To find out what is taking up the space, you can use a query like this and another like this (many others exist). It could be that the tables are massive due to fragmentation, or lots of LOB data, or really bad fill factor, or oversized but underpopulated fixed-width columns, or just sheer number of rows. But you're going to have to find this and clear it up before shrinking has any hope of accomplishing anything.

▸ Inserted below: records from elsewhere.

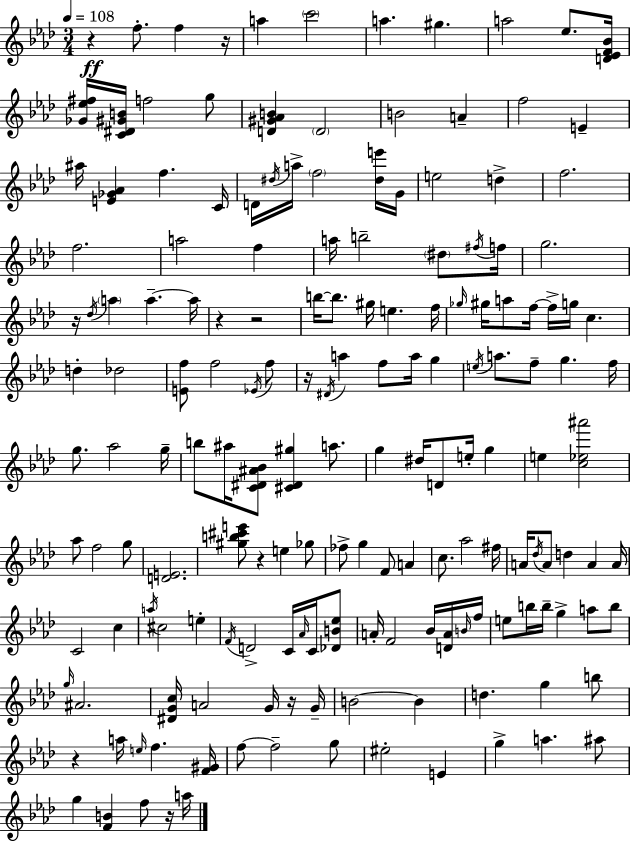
R/q F5/e. F5/q R/s A5/q C6/h A5/q. G#5/q. A5/h Eb5/e. [D4,Eb4,F4,Bb4]/s [Gb4,Eb5,F#5]/s [C4,D#4,G#4,B4]/s F5/h G5/e [D4,G#4,Ab4,B4]/q D4/h B4/h A4/q F5/h E4/q A#5/s [E4,Gb4,Ab4]/q F5/q. C4/s D4/s D#5/s A5/s F5/h [D#5,E6]/s G4/s E5/h D5/q F5/h. F5/h. A5/h F5/q A5/s B5/h D#5/e F#5/s F5/s G5/h. R/s Db5/s A5/q A5/q. A5/s R/q R/h B5/s B5/e. G#5/s E5/q. F5/s Gb5/s G#5/s A5/e F5/s F5/s G5/s C5/q. D5/q Db5/h [E4,F5]/e F5/h Eb4/s F5/e R/s D#4/s A5/q F5/e A5/s G5/q E5/s A5/e. F5/e G5/q. F5/s G5/e. Ab5/h G5/s B5/e A#5/s [C4,D#4,A#4,Bb4]/e [C#4,D#4,G#5]/q A5/e. G5/q D#5/s D4/e E5/s G5/q E5/q [C5,Eb5,A#6]/h Ab5/e F5/h G5/e [D4,E4]/h. [G#5,B5,C#6,E6]/e R/q E5/q Gb5/e FES5/e G5/q F4/e A4/q C5/e. Ab5/h F#5/s A4/s Db5/s A4/e D5/q A4/q A4/s C4/h C5/q A5/s C#5/h E5/q F4/s D4/h C4/s Ab4/s C4/s [Db4,B4,Eb5]/e A4/s F4/h Bb4/s [D4,A4]/s B4/s F5/s E5/e B5/s B5/s G5/q A5/e B5/e G5/s A#4/h. [D#4,G4,C5]/s A4/h G4/s R/s G4/s B4/h B4/q D5/q. G5/q B5/e R/q A5/s E5/s F5/q. [F4,G#4]/s F5/e F5/h G5/e EIS5/h E4/q G5/q A5/q. A#5/e G5/q [F4,B4]/q F5/e R/s A5/s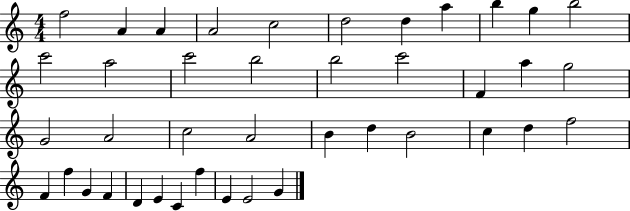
X:1
T:Untitled
M:4/4
L:1/4
K:C
f2 A A A2 c2 d2 d a b g b2 c'2 a2 c'2 b2 b2 c'2 F a g2 G2 A2 c2 A2 B d B2 c d f2 F f G F D E C f E E2 G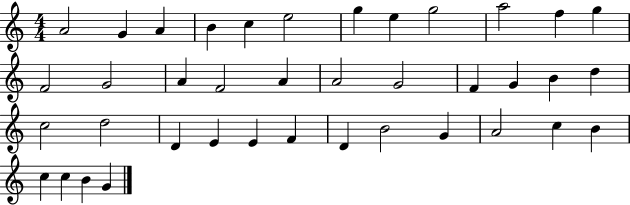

Remove the data you no longer need (and take whatever steps necessary to ensure that whatever process did that is not going to do it again). Rebuild the indexes with a proper fill factor, and set up some kind of maintenance routine (like Ola's scripts) to manage indexes, and possibly an alert on too many file growth events for the msdb
database (or all databases), so you can catch this problem earlier. You can see all file growth events that happened recently, for example, using the default trace.
Then, use DBCC SHRINKFILE
(not some UI hinkiness in SSMS, or DBCC SHRINKDATABASE
, which will also try to shrink the log, and will try to shrink everything at once), a little bit at a time, to bring the file size back down. If the file is currently 450 GB, and you free up 300 GB (you can use sp_spaceused
to see the result of the above), I would get to a 200 GB file, let's say (leaving room for future growth), by first shrinking to 425 GB, then 400 GB, then 375 GB, and so on... you may need to do that in smaller chunks, say starting with 2 GB or 5 GB at a time, depending on the capabilities of the underlying disk subsystem.